By Karen Middleton
— In my peripheral vision, the object was just another black stick littering my wooded backyard. but then it reared its head.
As I watched from my raised deck, the “stick” coiled then remained perfectly still.
I didn’t want that thing in my backyard. It might slither under the door of my safe room and have babies like another snake did a couple of years ago.
So, I climbed down and chucked a few rocks at it, hoping to drive it back into the woods. All I succeeded in doing was driving the creature under the deck and from there under my HVAC unit.
But as reason slowly replaced aversion, I realized there was nothing to fear. The black snake – all six feet of him – is harmless to humans after they recover from the fright.
The black snake dines on rodents that are destructive to your property.

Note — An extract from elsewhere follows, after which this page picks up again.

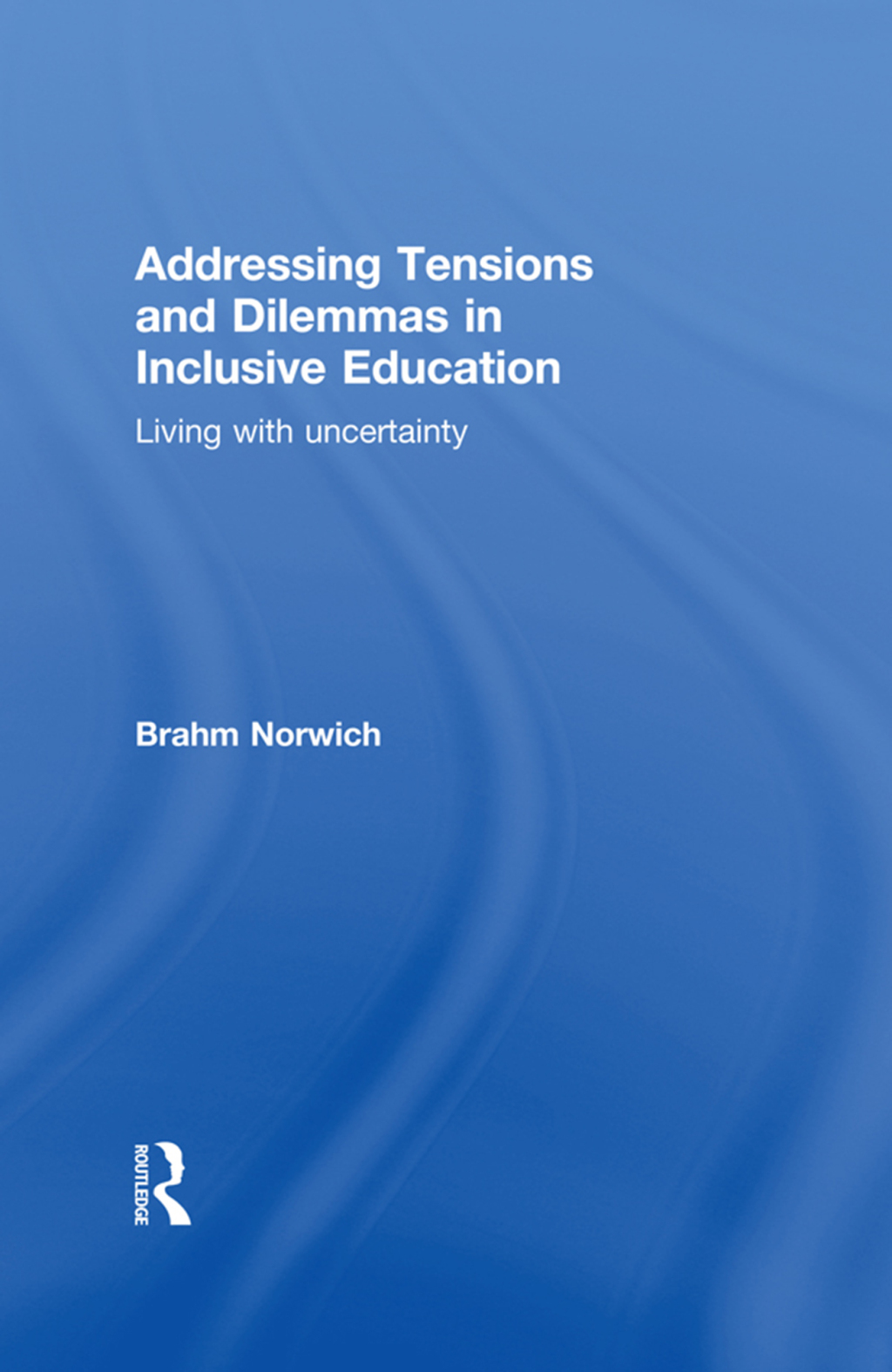 Addressing Tensions and Dilemmas in Inclusive Education Living with uncertainty 1st Edition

I’ve heard it theorized that humans’ aversion to snakes is rooted in Biblical teachings. The serpent in the garden has been emblematic of lost innocence since playing a starring role in one of our first Bible lessons. He seemed like a pretty harmless guy when Eve took up with him but then slithered off, leaving her holding the bag of nasty, lumpy original sin.
The true serpent in the garden never appears dangerous. The effectiveness of his mission depends on a disguise of innocence and even righteousness and we only realize we’ve been duped when he sheds his skin.
The serpent might come as a friend who gains one’s deepest trust and then betrays that trust, leaving a person suspicious and cynical and afraid to accept love and friendship, everyone’s birthrights.
Thereafter, even the harmless, helpful newcomer is viewed as a threat. You chuck a few verbal rocks, resulting in alienation and loneliness. The serpent won.
The serpent might come as a fundraiser for a bogus cause, pulling at the heartstrings, preying on the humanity of an unsuspecting donor, unzipping its skin of innocence just long enough to access a pocket in which to stash the ill-gotten gains.
The serpent scores a double strike. That bulge in his side is not a swallowed rodent but a big wad of your hard-earned cash. The big win comes when the bitterness of would-be donors causes them to turn their backs on those truly in need.
The serpent might also come as those who would deny the democratic process by wielding the bully pulpit as a weapon to crush principles for which millions of Americans for more than 235 years have fought on the battlefield, the floor of Congress and the polling place.
The successful challenger revels in the righteousness of his cause, while under the skin it’s more about gloating in the power of winning.